Provided data section start
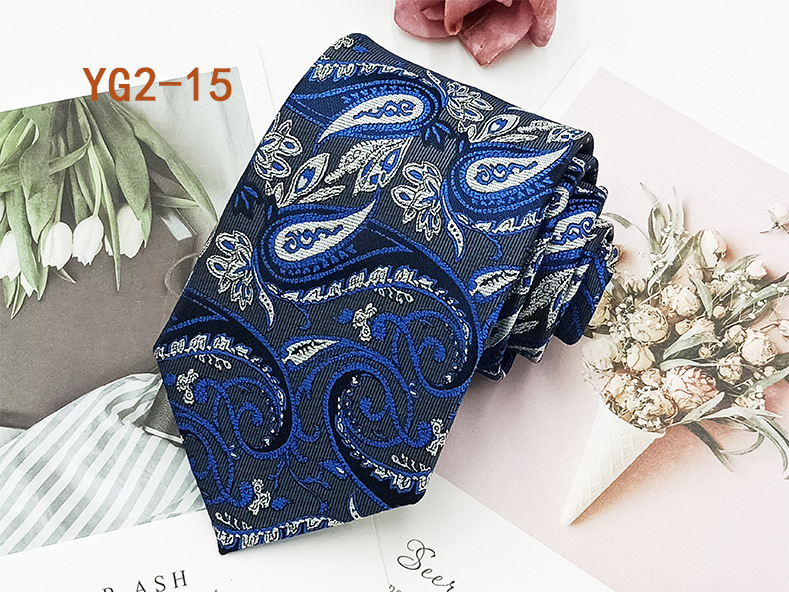 Corbata informal de negocios para hombre, en stock de fábrica, estilo nuevo atado a mano, diseño paisley, jacquard de poliéster y seda, 8 cm
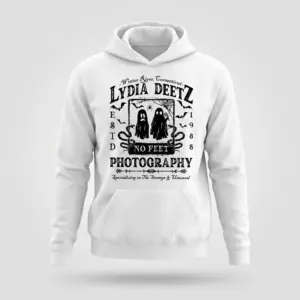 Lydia Deetz Photography Strange & Unusual Tee 7 White hoodie with the vintage 'Lydia Deetz No Feet Photography' design, showing ghosts, spiderwebs, and snakes.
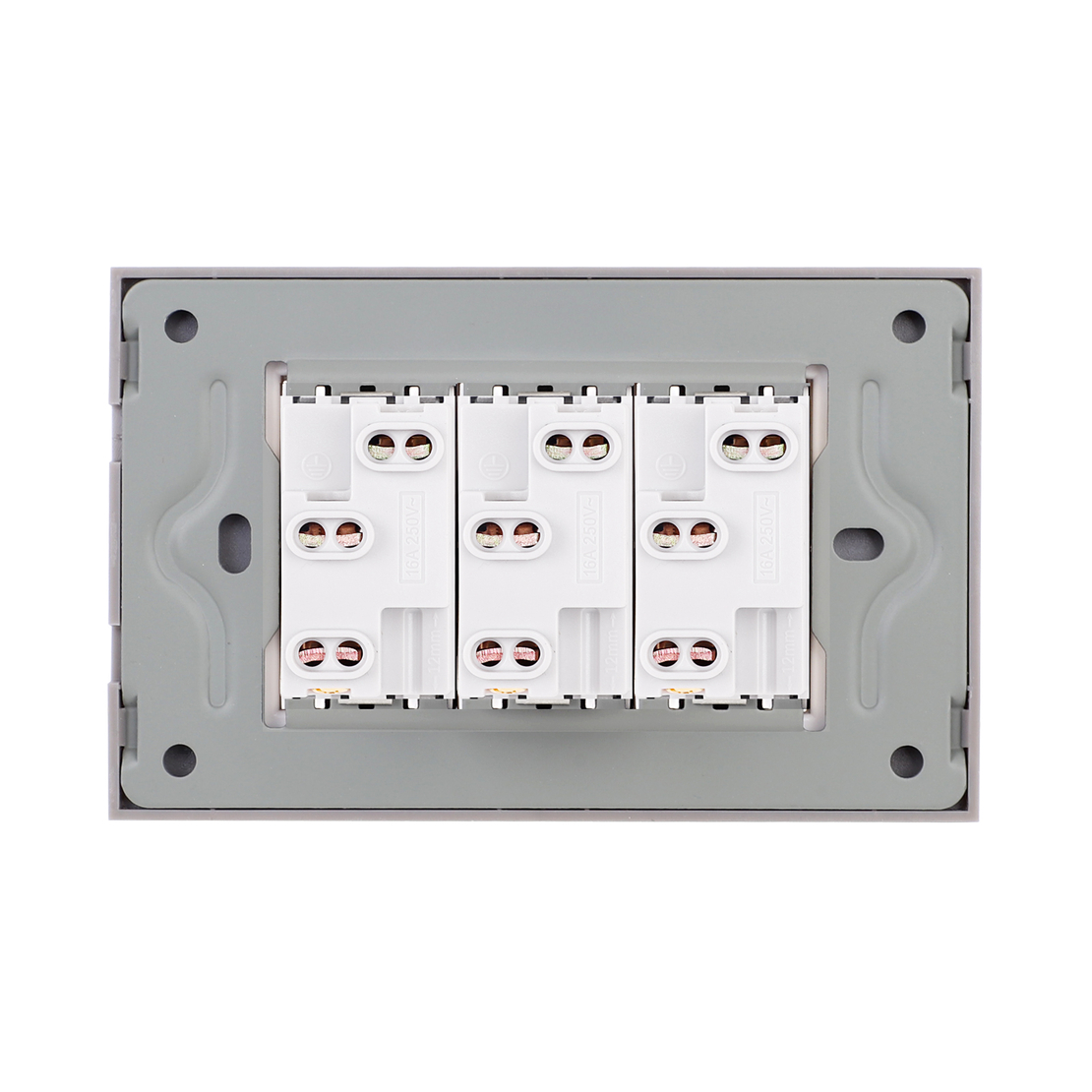 Priza Tripla cu Rama din Sticla LUXION, Standard Italian, 3M, gri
Provided data section end
The whole listing should be reproduced exactly. Images don't go in.

**Task answer**
 Corbata informal de negocios para hombre, en stock de fábrica, estilo nuevo atado a mano, diseño paisley, jacquard de poliéster y seda, 8 cm
 Lydia Deetz Photography Strange & Unusual Tee 7 White hoodie with the vintage 'Lydia Deetz No Feet Photography' design, showing ghosts, spiderwebs, and snakes.
 Priza Tripla cu Rama din Sticla LUXION, Standard Italian, 3M, gri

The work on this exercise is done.